(Collection entries)
━━━━━━━━━━━━━━━━
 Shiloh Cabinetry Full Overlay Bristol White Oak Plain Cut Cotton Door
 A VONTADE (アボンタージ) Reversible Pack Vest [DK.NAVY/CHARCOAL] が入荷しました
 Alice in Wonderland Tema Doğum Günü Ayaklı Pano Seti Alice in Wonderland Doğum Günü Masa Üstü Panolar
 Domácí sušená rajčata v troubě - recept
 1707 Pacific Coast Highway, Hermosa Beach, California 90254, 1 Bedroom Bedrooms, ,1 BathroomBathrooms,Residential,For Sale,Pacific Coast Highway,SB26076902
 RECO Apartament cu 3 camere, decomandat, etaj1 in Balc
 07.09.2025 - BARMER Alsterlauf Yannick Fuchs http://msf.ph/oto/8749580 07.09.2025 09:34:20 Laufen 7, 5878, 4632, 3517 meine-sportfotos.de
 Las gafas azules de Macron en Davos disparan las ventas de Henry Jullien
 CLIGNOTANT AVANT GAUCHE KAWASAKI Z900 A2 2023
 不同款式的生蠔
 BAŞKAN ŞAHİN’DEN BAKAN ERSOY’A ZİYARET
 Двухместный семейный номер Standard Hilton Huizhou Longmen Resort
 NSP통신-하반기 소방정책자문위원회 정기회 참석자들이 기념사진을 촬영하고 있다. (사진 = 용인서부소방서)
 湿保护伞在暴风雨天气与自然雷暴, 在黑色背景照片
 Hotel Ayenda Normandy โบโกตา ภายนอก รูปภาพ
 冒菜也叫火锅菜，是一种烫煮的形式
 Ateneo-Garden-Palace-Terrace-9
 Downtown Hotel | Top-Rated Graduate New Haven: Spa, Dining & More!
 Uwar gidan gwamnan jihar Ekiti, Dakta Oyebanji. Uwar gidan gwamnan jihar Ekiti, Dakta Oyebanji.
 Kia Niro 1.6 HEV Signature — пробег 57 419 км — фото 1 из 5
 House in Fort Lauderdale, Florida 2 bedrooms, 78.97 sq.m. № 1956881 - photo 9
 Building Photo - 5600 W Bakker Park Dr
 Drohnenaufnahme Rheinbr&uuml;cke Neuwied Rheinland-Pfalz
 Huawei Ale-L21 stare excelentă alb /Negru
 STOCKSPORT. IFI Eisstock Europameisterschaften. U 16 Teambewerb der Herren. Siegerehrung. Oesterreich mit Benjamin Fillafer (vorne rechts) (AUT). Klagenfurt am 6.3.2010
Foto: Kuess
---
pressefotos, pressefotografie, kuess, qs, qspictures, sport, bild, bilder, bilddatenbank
━━━━━━━━━━━━━━━━
_AIM OF THE TASK_. Every entry shown above should be transcribed without alteration.

_WRITTEN SOLUTION_.
 Shiloh Cabinetry Full Overlay Bristol White Oak Plain Cut Cotton Door
 A VONTADE (アボンタージ) Reversible Pack Vest [DK.NAVY/CHARCOAL] が入荷しました
 Alice in Wonderland Tema Doğum Günü Ayaklı Pano Seti Alice in Wonderland Doğum Günü Masa Üstü Panolar
 Domácí sušená rajčata v troubě - recept
 1707 Pacific Coast Highway, Hermosa Beach, California 90254, 1 Bedroom Bedrooms, ,1 BathroomBathrooms,Residential,For Sale,Pacific Coast Highway,SB26076902
 RECO Apartament cu 3 camere, decomandat, etaj1 in Balc
 07.09.2025 - BARMER Alsterlauf Yannick Fuchs http://msf.ph/oto/8749580 07.09.2025 09:34:20 Laufen 7, 5878, 4632, 3517 meine-sportfotos.de
 Las gafas azules de Macron en Davos disparan las ventas de Henry Jullien
 CLIGNOTANT AVANT GAUCHE KAWASAKI Z900 A2 2023
 不同款式的生蠔
 BAŞKAN ŞAHİN’DEN BAKAN ERSOY’A ZİYARET
 Двухместный семейный номер Standard Hilton Huizhou Longmen Resort
 NSP통신-하반기 소방정책자문위원회 정기회 참석자들이 기념사진을 촬영하고 있다. (사진 = 용인서부소방서)
 湿保护伞在暴风雨天气与自然雷暴, 在黑色背景照片
 Hotel Ayenda Normandy โบโกตา ภายนอก รูปภาพ
 冒菜也叫火锅菜，是一种烫煮的形式
 Ateneo-Garden-Palace-Terrace-9
 Downtown Hotel | Top-Rated Graduate New Haven: Spa, Dining & More!
 Uwar gidan gwamnan jihar Ekiti, Dakta Oyebanji. Uwar gidan gwamnan jihar Ekiti, Dakta Oyebanji.
 Kia Niro 1.6 HEV Signature — пробег 57 419 км — фото 1 из 5
 House in Fort Lauderdale, Florida 2 bedrooms, 78.97 sq.m. № 1956881 - photo 9
 Building Photo - 5600 W Bakker Park Dr
 Drohnenaufnahme Rheinbr&uuml;cke Neuwied Rheinland-Pfalz
 Huawei Ale-L21 stare excelentă alb /Negru
 STOCKSPORT. IFI Eisstock Europameisterschaften. U 16 Teambewerb der Herren. Siegerehrung. Oesterreich mit Benjamin Fillafer (vorne rechts) (AUT). Klagenfurt am 6.3.2010
Foto: Kuess
---
pressefotos, pressefotografie, kuess, qs, qspictures, sport, bild, bilder, bilddatenbank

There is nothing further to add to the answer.